A year ago today, I was over half way through my nearly four month stay in Tanzania. I was jack of all trades at Camp Moses; volunteer co-ordinator, bread delivery person and budget creator. Most of all, however, I was somewhat of a sponge. I absorbed everything and relayed it through my blog; an attempt to convince my parents that they had made the right decision in agreeing to let their 17 year old daughter spend four months alone in Tanzania. I guess this might’ve been one of several catalysts for the trip the group is on today. How I weaseled my way into it, I have no idea.
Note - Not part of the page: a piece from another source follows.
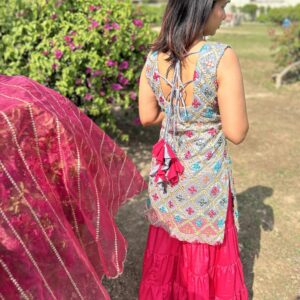 Designer Sharara Set - Image 12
My biggest worry in accompanying this group was how I would overcome my jealousy of them sharing in on those extremely intimate and for me, life altering, experiences I had last year. It’s one thing to share them through words and another thing completely to physically show a group of (to me) somewhat strangers, where my memories were created. In the end, turns out I had nothing to be worried about.
The passion, hutzpah, emotion and dedication that these young people bring forward would be enlightening to anyone. I realized through this that maybe what I’m most passionate about isn’t having these experiences for myself, but helping to give incredible and out of the ordinary opportunities to people like myself who just want to see the world a better place, experience its challenges first hand and try and understand why things are the way they are. Everyday I smile a little more when a different student expresses a new view of the world, however small, or even has the guts to observe out loud what is different about life here and why it is just different and not better or worse. With every bucket of sand carried, or swing-set sanded, I know these kids are all coming closer to unearthing their own unique concept of what this trip means to them.
My role here has been to act as somewhat of a liaison between VolunteerAbroad the group of students. I’ve planned most of our outings, ironed out a lot of unexpected details and learned how to bargain the price of a daladala for a group of 30! I’ve rented out movie theatres because the showing wasn’t to the groups liking and planned for a restaurant to show ‘The Lion King’ just for us. I’ve worked from breakfast to bedtime everyday since I arrived the second week of July, and not once have I wished I was doing something else.
If I could work abroad, with people like the ones in this group, for the rest of my life then I would have my dream job. For now, I will cherish every moment I have left on this trip and will continue to to give my all to them... watching, learning and becoming inspired every step of the way.